Latitude / Longitude:

30°08’23″N 98°49’09″W



Time Zone:

Central (CST) (UTC-6)


Bankersmith (also sometimes written as Banker Smith) is a ghost town in Kendall County, Texas, USA. The town was founded in 1913. It lies approximately halfway between Fredericksburg and Comfort, near the border of Gillespie County.

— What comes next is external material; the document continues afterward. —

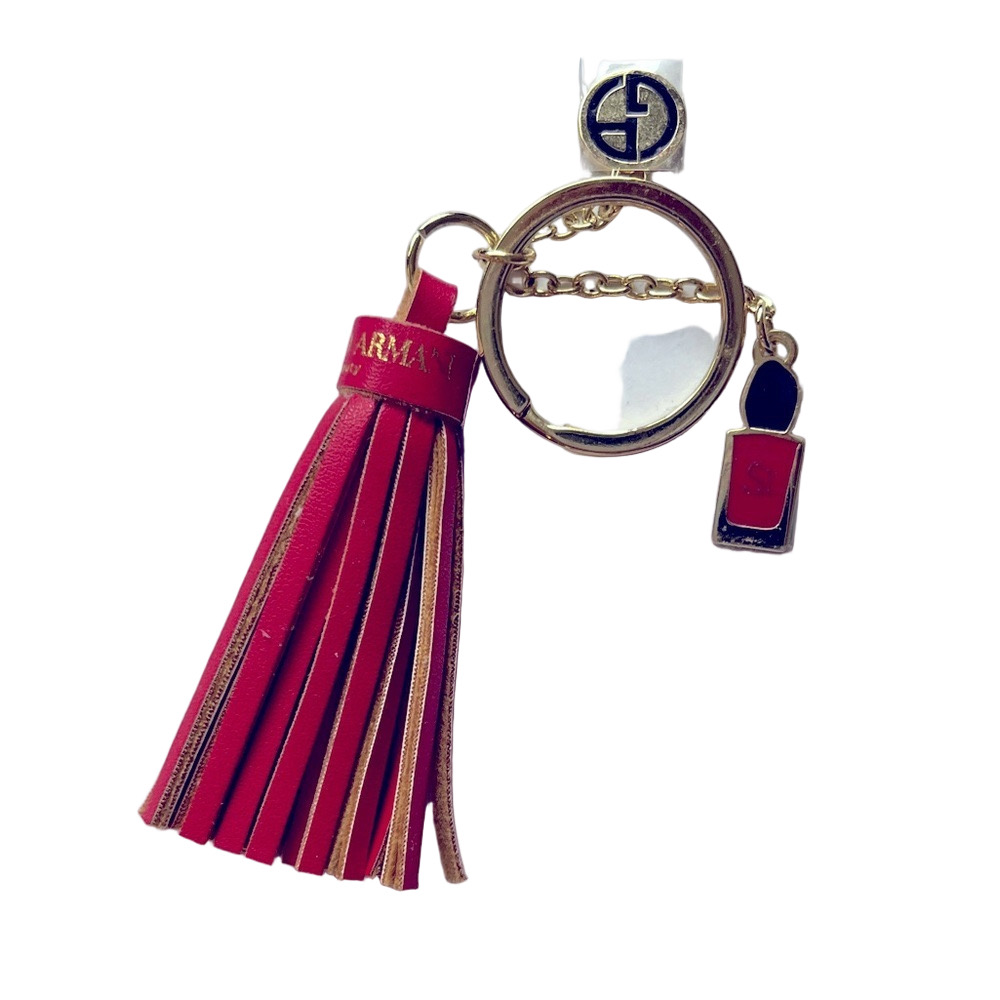 Giorgio Armani Beauty NWOT Red and Gold Leather Tassell Chain Bag Charm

Bankersmith originated in 1913 as a train station along the San Antonio, Fredericksburg and Northern Railway which served nearby Grapetown, Texas, running between Fredericksburg and Comfort. The town and rail station drew its name of “Bankersmith” from Temple Doswell Smith, an important Fredericksburg bank president who financed the railroad. In the early 1940s, the railroad abandoned the line running through Bankersmith.





Current Status:

In 2012, restaurateur Doug Guller purchased parts of the town on Craigslist, and renamed the town to “Bikinis, Texas” after Bikinis Sports Bar & Grill, his restaurant chain. The purchase price is not known, also some have questioned Guller’s ability to rename a town that no longer officially exists. Guller declared his intentions to turn the town into a tourist destination by creating a hall of fame for the bikini swimsuit, presenting its history beginning with its invention in 1946. Guller has said he had no plans to open a Bikinis Sports Bar & Grill restaurant at the location, but might start a bar inside an abandoned bus there. The bus resides at 30°8’24″N and 98°49’8″W. In 2015, Guller reverted to the name Bankersmith, wanting to mend fences with Fredericksburg.


The Old Tunnel of the San Antonio, Fredericksburg and Northern Railway As the town was located in the Texas Hill Country, it is near one of the few railroad tunnels in the state (the only railroad tunnel in Texas when it was constructed). The tunnel is 962 feet in length, took 6 months to dig, and cost $134,000 at the time. The tunnel is now part of Old Tunnel State Park and the home to thousands of bats. The Old Tunnel State Park provides an extensive amount of parking area for would be visitors, it is at the intersection of Old San Antonio Road and Alamo Road. Meanwhile, the southern end of the tunnel resides at 30°6’2″N and 98°49’15″W.